Kevin Uzomechine's combined talents for robotics, debate entrepreneurship

 Schulich Leaders aim to put their love of technology to work solving problems and helping others

Six exceptional students beginning STEM studies at the U of A this year have received a financial boost to help them realize their educational and entrepreneurial dreams.

By Michael Brown

Kevin Uzomechine's combined talents for robotics, debate entrepreneurship

Kevin Uzomechine's combined talents for robotics, debate and entrepreneurship have earned him a coveted Schulich Leader Scholarship. Uzomechine is one of six U of A students who earned the scholarship this year. (Photo: Supplied)
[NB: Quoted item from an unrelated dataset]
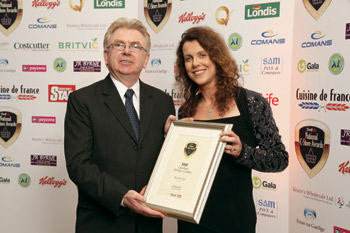 ShelfLife publisher John McDonald presents the runner-up certificate for the Gold Award (Stores 2,000 to 4,000 sq ft) to Suzanne Weldon, BWG, on behalf of Spar, Clane Road, Celbridge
Kevin Uzomechine says his fascination with technology began as a youngster transfixed by the brief static blue text on his TV set that read “A long time ago in a galaxy far, far away.” By the time the large blocks of unabashed yellow text had crawled vertically up through the screen to Star Wars’ signature trumpets, the future was all he could think about.

“I wanted to be an astronaut, a pilot, an engineer, and of course a Jedi Knight,” said the first-year student in the University of Alberta’s Faculty of Engineering.

In the meantime, the Nigerian-born, Calgary-raised Uzomechine threw himself into robotics, participating in — and winning — just about every district-wide tournament he could find.

Beyond competing, he became proficient at programming and manipulating many hardware components, while challenging himself through courses in deep learning and microelectronics. 

He also developed an interest in Model United Nations and debate, winning multiple speaker awards, and was selected from a very competitive provincial pool to represent Alberta at the National Debating Seminar.

Uzomechine is now one of six U of A students to receive the Schulich Leader Scholarship, given annually to 50 university hopefuls in Canada enrolled in an undergraduate program in science, technology, engineering or mathematics (STEM). The award ranges from $80,000 for science students to $100,000 for those in engineering.

In Grade 11, Uzomechine attended Shad Canada, a summer entrepreneurship program for high achievers, where he led a team in designing a product that moulds unwanted plastics into a replacement for corrugated cardboard. He also formed a company around it.

“Entrepreneurship provides the greatest conduit through which my dreams may become reality.”